# One of those walks!



## born36 (Jun 28, 2011)

So yesterday morning I took Mac for his normal Sunday run around the woods. 

An hour in and we were heading home when he goes up a hill and out of sight. I then hear a might yelp and think oh god he has done a leg in. Suddenly he is flying back to me with a Springer in pursuit. The Springer is having a right go. Now I am all about rank and order and I get that dogs need to work it out but I get really annoyed when it is clear a dog isn't even playing rough but trying to show dominance and is ignoring the fact that my dog is giving him complete submission and yet still hassling him. 

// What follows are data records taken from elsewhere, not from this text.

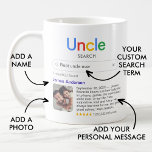 Best Uncle Ever Search Results Photo & Message Coffee Mug<br><div class="desc">Tell your uncle he's the best with this modern mug, featuring a 'Search' logo with a single search result for "Best uncle ever', consisting of your uncle's name, a photo, your personal message and a 5-star rating. If you need any help customising this, please message me using the button below...</div>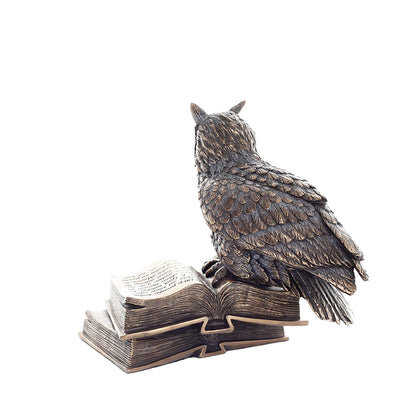 Wise Owl on Books Statue – 17cm Veronese Cold-Cast Bronze Knowledge & Wisdom Figurine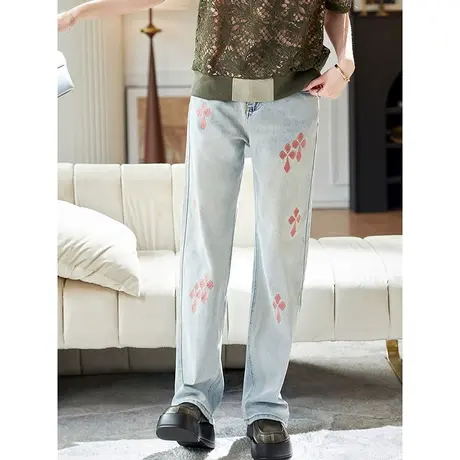 宝诗黎【新品价278元】高腰刺绣拼接牛仔裤FFI3013图片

So I got to put my leg out to block the Spaniel a couple times and he continued to have a go and try to get to my dog at which stage the owner continued to just watch this unfold. So after two leg blocks to which to be fair the dog wasn't aggressive to me at all, I had lost my cool. This was due to the fact that the dog was sat staring at my pup and growling and not moving on. In the deepest voice ever I yelled "away", Which the dog started to comply. Only to have the owner say to me, "don't yell at my dog". REALLY!!!!! To which I replied fine I will yell at you then. Followed by other choice words! I don't understand how some people are so slow to pay attention to what their dogs are doing. If my boy is doing something wrong I stop him!


----------



## BlueandMac (Apr 21, 2011)

Isn't it frustrating when a nice peaceful walk ends up with an incident like that? Some people just will never get it.


----------